As I understand it, the eighth-century writings of the Venerable Bede comprise the only extant historical source material about Hilda of Whitby, also known as Hild, the fierce and willful protagonist of Menewood and the eponymous book that preceded it. Bede writes a bit about Hild's childhood at the court of her uncle Edwin of Northumbria following the death of her father Hereric (probably at Edwin's order). And he writes about her later in life, as the abbess at Whitby, instrumental in the establishment of Christianity in the kingdoms of England.
What happened in between is left as an exercise for the reader, and Nicola Griffith has stepped boldly into the breach with the second imaginative, rich, immerse, thrilling installment of her trilogy.
First, though, this book is good. It's lush and gorgeous, and Hild is a magnificent protagonist -- freakishly tall and strong, hungry both for love and for revenge, angry and stubborn, but also fiercely loyal to her friends, fair-minded, observant, intelligent, and curious. She really is a delightful character to spend hours and hours with — and Griffith’s books about her are lengthy. Even so, I've read Hild twice in the last decade, and after finishing Menewood I've been tempted to go back and read them both again. [ETA: three months later, I've done just that.]

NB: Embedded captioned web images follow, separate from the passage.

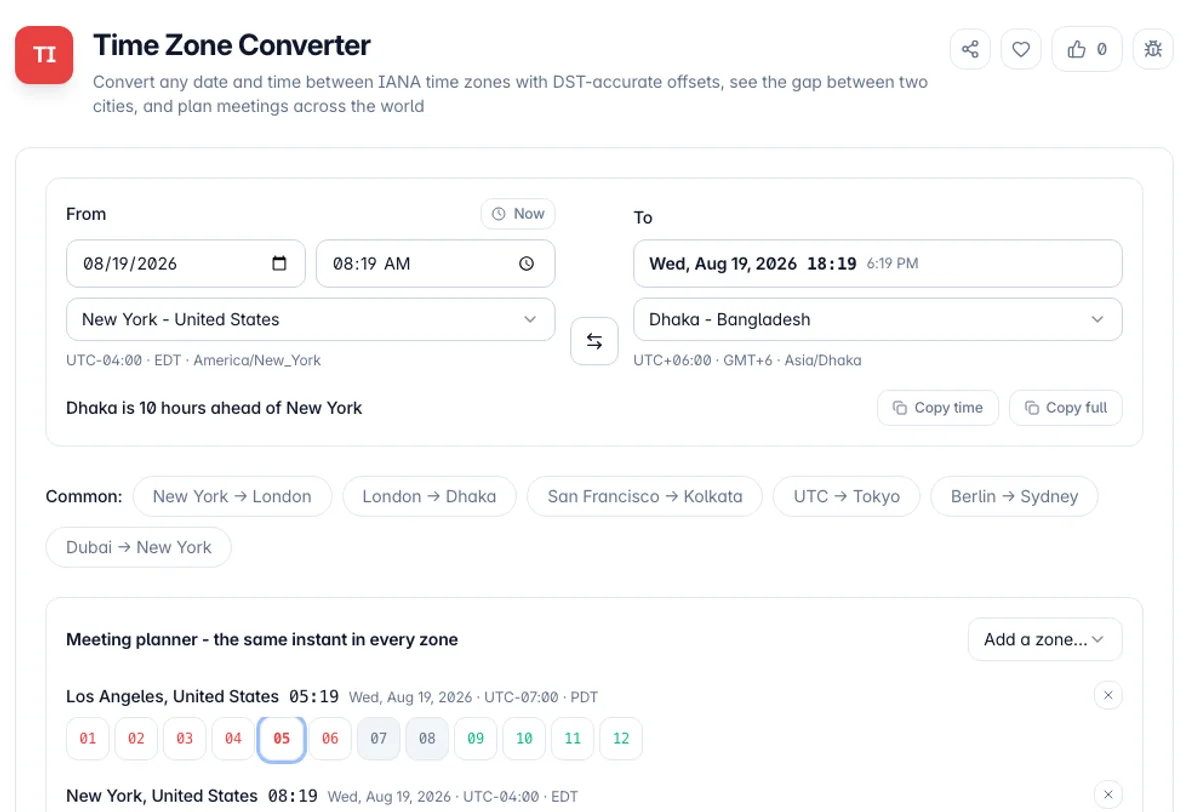 Time Zone Converter interface on Toolz.dev - Convert any date and time between IANA time zones with DST-accurate offsets, see the gap between two cities, and plan meetings across the world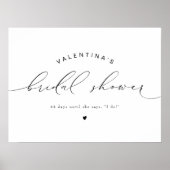 VALENTINA モダン・エレガントな筆記体 結婚式前夜のパーティー ポスター (正面)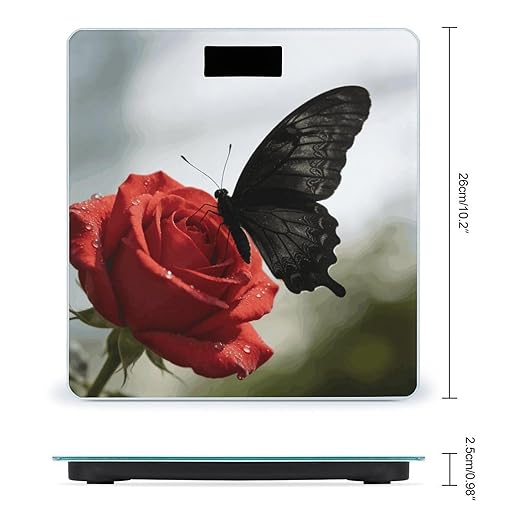 Black Butterfly Weight ScaleClear LED Display Bathroom Digital Weighing ScaleTempered Glass Digital Bathroom Scale for Body Weight Capacity Up to 400 Lbs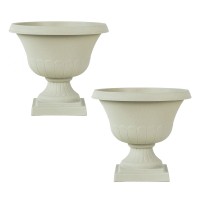 2 Pack of 12 Inch Light Stone Taupe Classic Urn Plastic Planter for Indoor and Outdoor Use   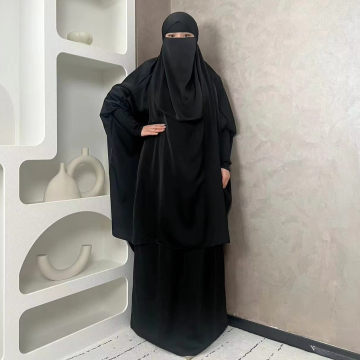 LM011 Satin Jilbab with Full Niqab - Free Size Modest Prayer Dress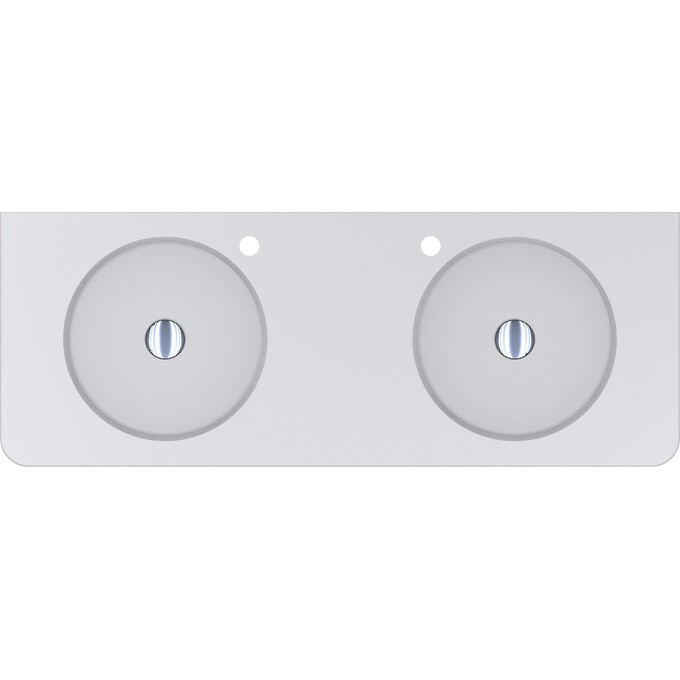 Умивальник Miraggio Loop 1200-2 Mirasoft 8814003 (120x45 см, білий матовий, з двома чашами), Доступні розміри: 120 x 45, Технологія виробництва: Mirasoft Technology, Колір виробника: білий матовий, фото , изображение 3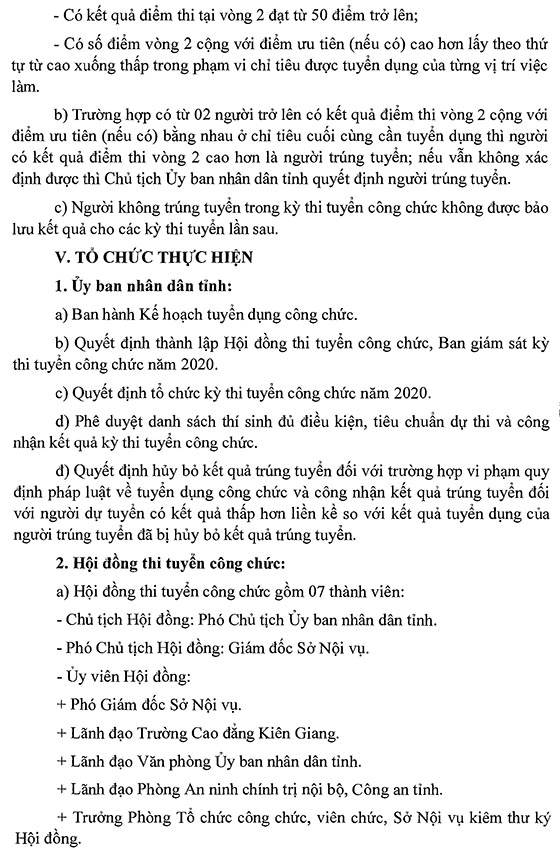 Sở Nội vụ tỉnh Kiên Giang tuyển dụng công chức năm 2020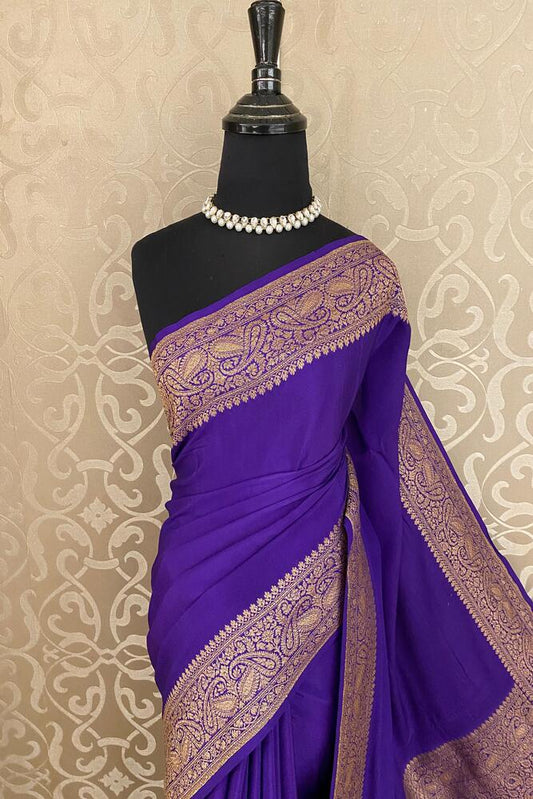 Purple Mysore Crepe Silk Banarasi Saree with intricate gold zari work and matching unstiched blouse, traditional Indian wear by Saarang Sarees.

Now, the particulars of Hild's life in the time frame covered in this book -- her twentieth and twenty-first year, more or less -- are, as I said, largely unknown. So, in addition to giving her a colorful sex life, Griffith has taken the liberty of placing Hild at the center of key historical battles whose details are less murky: Cadwallon's defeat of Edwin, his marauding of Northumbria, his own eventual defeat by an army putatively led by Oswald, the exiled prince of Berenicia. In the latter in particular, Cadwallon's comeuppance, Griffith gives Hild a history-making role which I suspect the real Hild didn't come close to.
But that doesn't make Menewood any less smashing as a work of historical fiction. Because Griffith has clearly done her homework about people and events that are preserved in the record. She knows the splintered Anglo-Saxon and Celtic kingdoms of the isles as well as she knows her own face. She knows the religious bifurcation between the their approaches to Christianity. She knows the landscape as well as her tuned-in protagonist. All this verisimilitude steeps the pages, painted with magnificent sensory detail, as her understanding of the material culture runs just as deep. The smell of horses, the feel of just-tanned leather, the sounds of smithing, the gory details of butchery, the taste of ale and mead and fresh-drawn cream, all deliver as complete and immersive a historical reading experience as you can hope for, with beautiful sensuous writing.
Sure, there are elements that strain one's suspension of disbelief. Hild's riding fiercely into battle while in labor is one; the general frank nonchalance about Hild's lesbian relationships is perhaps another, though Griffith maintains that these early Anglo-Christians had no hang-ups about sex, and didn't much care who had it with whom. Color me skeptical. Still, it is pleasant in its own way that the people who love Hild (as much as those who stand in awe of her) aren’t critical of the particulars of what makes her happy in bed. “The Lady only rides mares,” one of her guardsmen deadpans, nominally speaking about Hild’s equestrian prowess, but the young man he's speaking to catches his meaning.
So if you're looking for a veridical course in Anglo-Saxon society, you won't find it here. But the fact is, history knows next to nothing about how the Anglo-Saxons actually lived. And if you want a rich, sensuous read with lots of blood and guts and fighting and religion and looting and feasting and loving and scheming, Menewood will not let you down.